Yeshiva University’s plan to shed its cash-draining medical school to Montefiore Health System has collapsed.
The breakdown of Y.U.’s plan to hand over operational and financial responsibility for the Albert Einstein College of Medicine, revealed in a December 9 report by Moody’s Investors Service, has exacerbated Y.U.’s financial woes.
Moody’s left its B3 junk status rating for Y.U.’s debt unchanged. But the ratings agency said that Y.U. suffered “acute losses” because it delayed cost-cutting measures at the medical school during its months-long negotiations with Montefiore.
The Moody’s report added that the termination of the plan will extend the “university’s operating challenges.”
Y.U. has posted operating deficits of up to $100 million in each of the past six years.
Consultants brought in to rescue the troubled university said Einstein accounted for two-thirds of Y.U.’s annual deficits.
Y.U. president Richard Joel announced the university’s plan to partner with Montefiore in May. Montefiore would assume responsibility for operations and finances at Einstein while Y.U. remained the degree-granting institution.
The deal would have reduced Y.U.’s operating deficit by tens of millions of dollars per year.
At the time, Joel called the plan “a powerful and important step towards building a financially sustainable Yeshiva University.”
A spokeswoman for Montefiore told the Forward on December 10 that the plan was terminated around Thanksgiving because “the talks were not progressing.” She added that the termination of the plan has not affected the relationship between Einstein and its teaching hospital, Montefiore Medical Center in the Bronx.
A spokesman for Y.U. said: “The longstanding affiliation between Yeshiva and Montefiore remains in effect.”
He added: “The university is keeping all options on the table to ensure a secure future of excellence for Einstein and the entire university. We believe our financial outlook allows us to meet the goal of responsibly achieving financial stability over the next three years.”

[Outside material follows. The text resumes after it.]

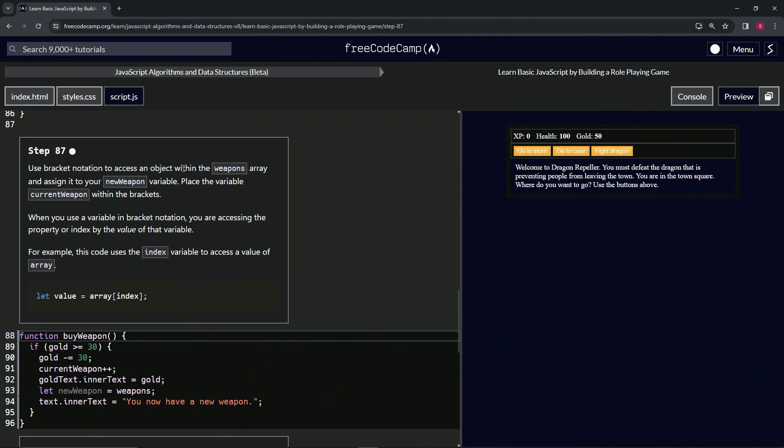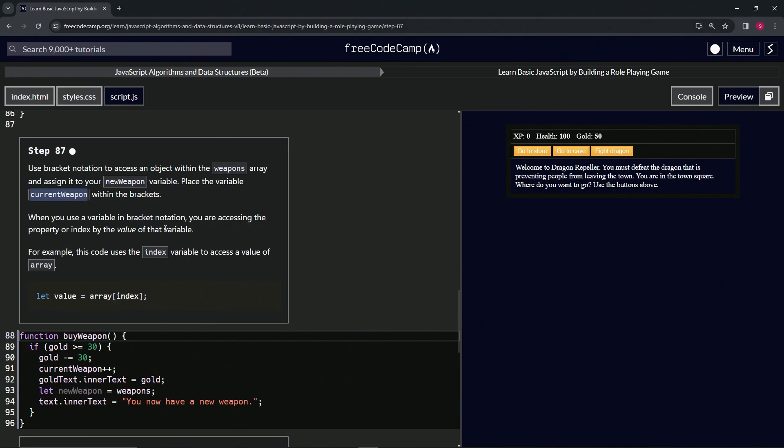To access an object within the weapons array and assign it to our new weapons variable, we're going to place the variable currentWeapon within the brackets. When we use a variable in bracket notation, we're accessing the property or index by the value of that variable. So in this case, currentWeapon is zero, but in our case it's going to be currentWeapon++, so it's going to be one.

In a recent interview with The Commentator, a Y.U. student newspaper, Joel blamed the university’s deficits on a “lack of effective and adequate reporting and controls.”
Joel said that in the past monthly financial reports were delivered to him and to university deans verbally rather than in writing. “We relied on an oral tradition instead of a written tradition,” Joel told the Commentator.
He added that some department heads lied about the financial health of their departments.
The Moody’s rating noted some bright spots for Y.U.
The university has substantial real estate holdings, attracts strong philanthropic support and has assets of $1 billion. The ratings agency also noted that Y.U. has “greatly improved financial monitoring and reporting.”
But the report warned that Y.U. suffers from an acute shortage of cash and other liquid assets.
The university recently refinanced the mortgages on five buildings for $175 million..
The Moody’s report concluded that its negative outlook is based on the risk that Y.U. may run out of cash before the university is able to execute a turnaround plan.